Sunday, March 10, 2013

The Power to End Unequal Treatment

When the laws of people are in line with the law of God, these laws show us what sin is, how to properly treat people and what good is. Matthew 7:12 English Standard Version Bible says, "“So whatever you wish that others would do to you, do also to them, for this is the Law and the Prophets." Galatians 3:28-29 the Message Bible says, "In Christ’s family there can be no division into Jew and non-Jew, slave and free, male and female. Among us you are all equal. That is, we are all in a common relationship with Jesus Christ. Also, since you are Christ’s family, then you are Abraham’s famous “descendant,” heirs according to the covenant promises."

Rosa Parks, mother of the Civil Rights Movement, fought for the implementation in American society of the idea that all people are equal. When Parks refused to give up her seat in December 1955 in obedience to segregation law, she was arrested.
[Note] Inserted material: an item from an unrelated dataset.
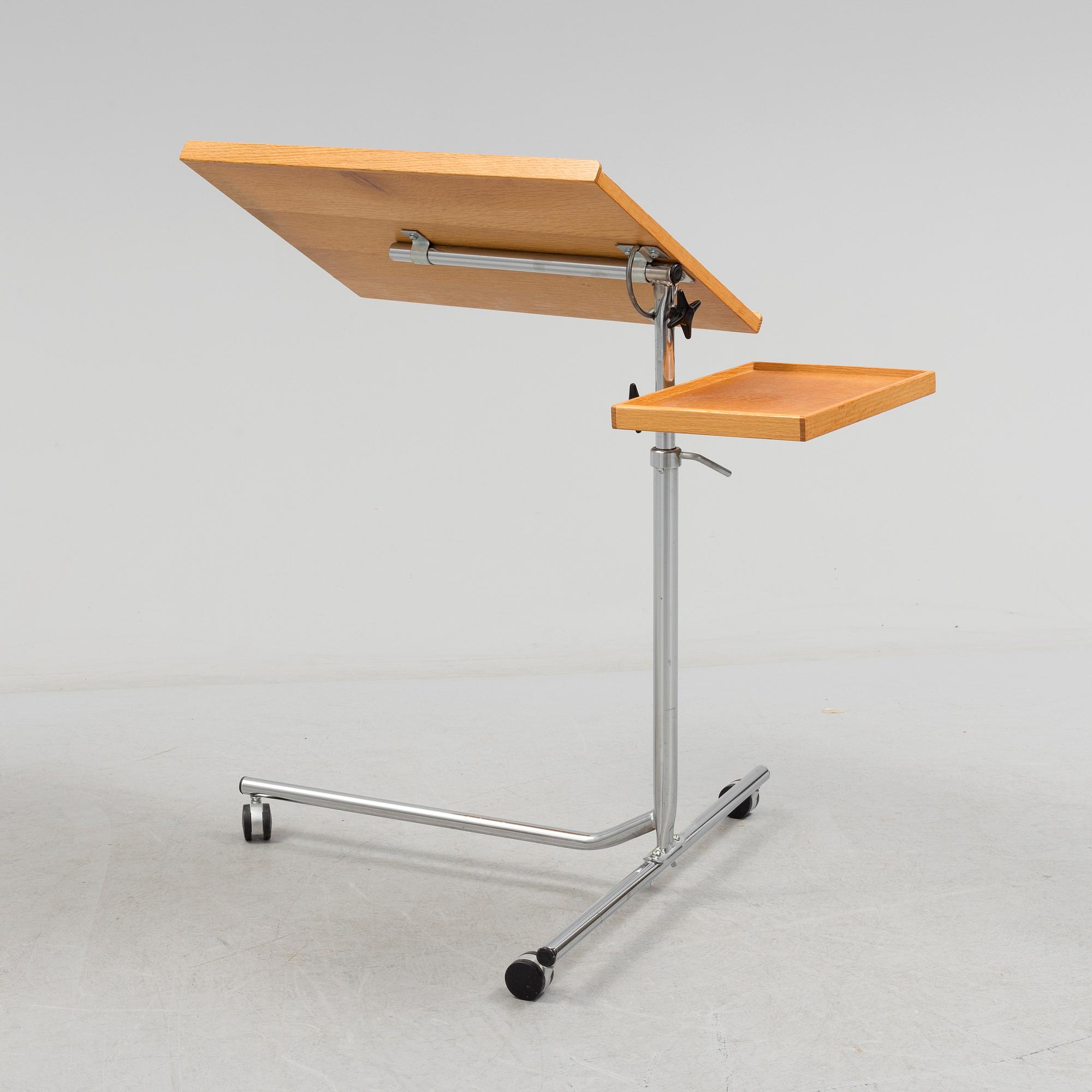 A teak reading table, second half of the 20th Century.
Parks had been branch secretary for the Montgomery, Alabama NAACP for several years. Along with Edgar Daniel Nixon, head of the Montgomery, Alabama NAACP, and other Civil Rights leaders, Parks agreed to use her case to pursue an end to segregation. The Civil Rights leaders also decided to boycott the Montgomery buses. Christian Minister and Civil Rights Leader Martin Luther King, Jr., said, "We're going to work with grim and firm determination to gain justice on the buses in this city. And...we are not wrong in what we are doing. If we are wrong, the Constitution of the United States is wrong...If we are wrong, justice is a lie. And we are determined here in Montgomery to work and fight until justice runs down like water and righteousness like a mighty stream..."
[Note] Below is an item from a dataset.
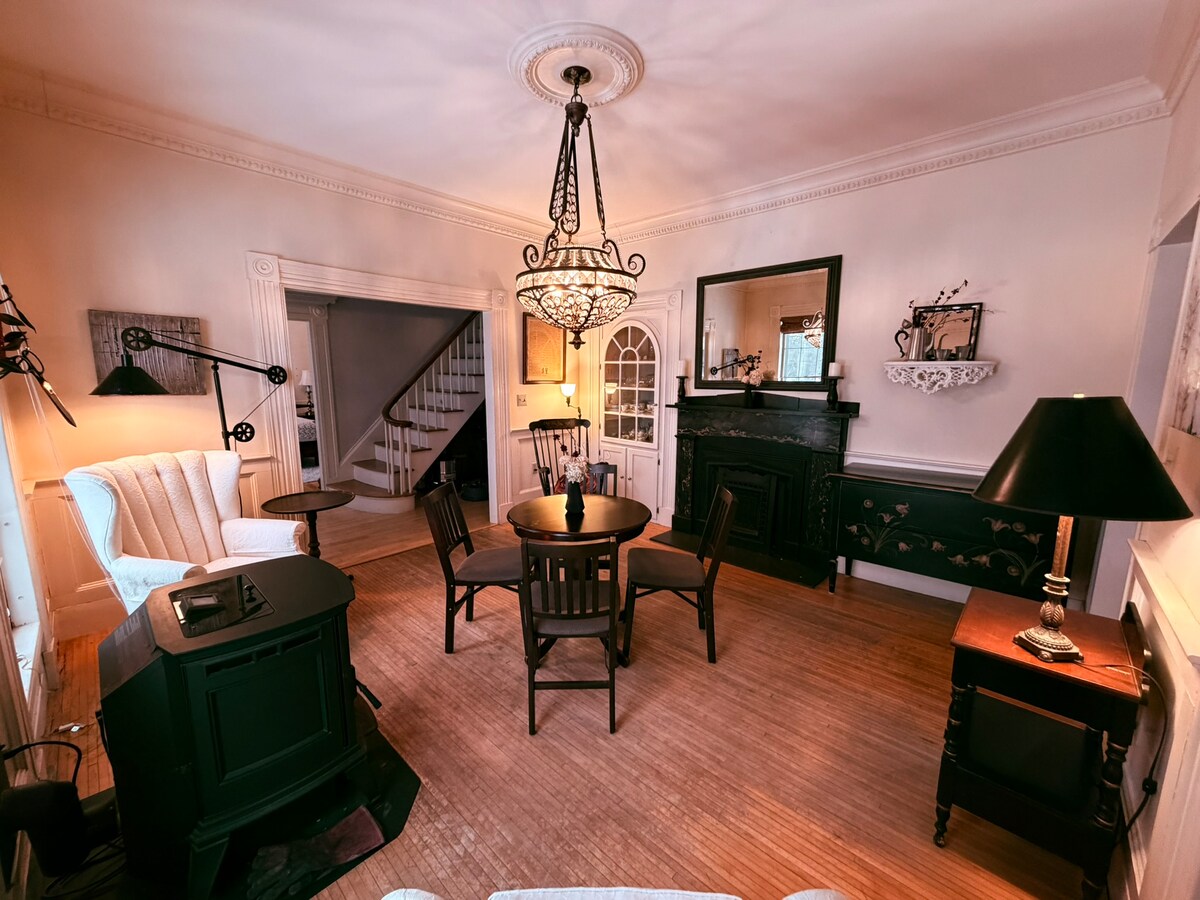 Fireside room with piano, chandelier, and stove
After a little more than one year of the boycott, the U.S. Supreme Court ruled in favor of Rosa Parks, declaring Alabama's bus segregation laws unconstitutional. It was the beginning of the end of segregation.

Parks said, "People always say that I [didn't give] up my seat because I was I was tired, but that isn't true. I was not tired physically...The only tired I was, was tired of giving in."

Segregation eventually became illegal in the United States of America, but not all unequal treatment as evidenced by issues such as abortion, immigration, disability, sexuality and employment. Why do we still struggle with unequal treatment?

Christian Minister Watchman Nee said in his book The Normal Christian Life, "When God's light first shines into my heart my one cry is for forgiveness, for I realize I have committed sins before him; but when once I have received forgiveness of sins I make a new discovery, namely, the discovery of sin, and I realize not only that I have committed sins before God but that there is something wrong within. I discover that I have the nature of a sinner. There is an inward inclination to sin, a power within that draws to sin. When that power breaks out I commit sins. I may seek and receive forgiveness, but then I sin once more. So life goes on in a vicious circle of sinning and being forgiven and then sinning again. I appreciate the blessed fact of God's forgiveness, but I want something more than that: I want deliverance. I need forgiveness for what I have done, but I need also deliverance from what I am."

We all need a daily dose of God the Holy Ghost to be delivered from who we are and to live in growing evidence of the love of God on the inside showing up on the outside. The more people living in the ways of God empowered by God, the less unequal treatment and the less other sin. God living on the inside is the power to fulfill love. Romans 13:10 Amplified Bible says, "Love does no wrong to one’s neighbor [it never hurts anybody]. Therefore love meets all the requirements and is the fulfilling of the Law."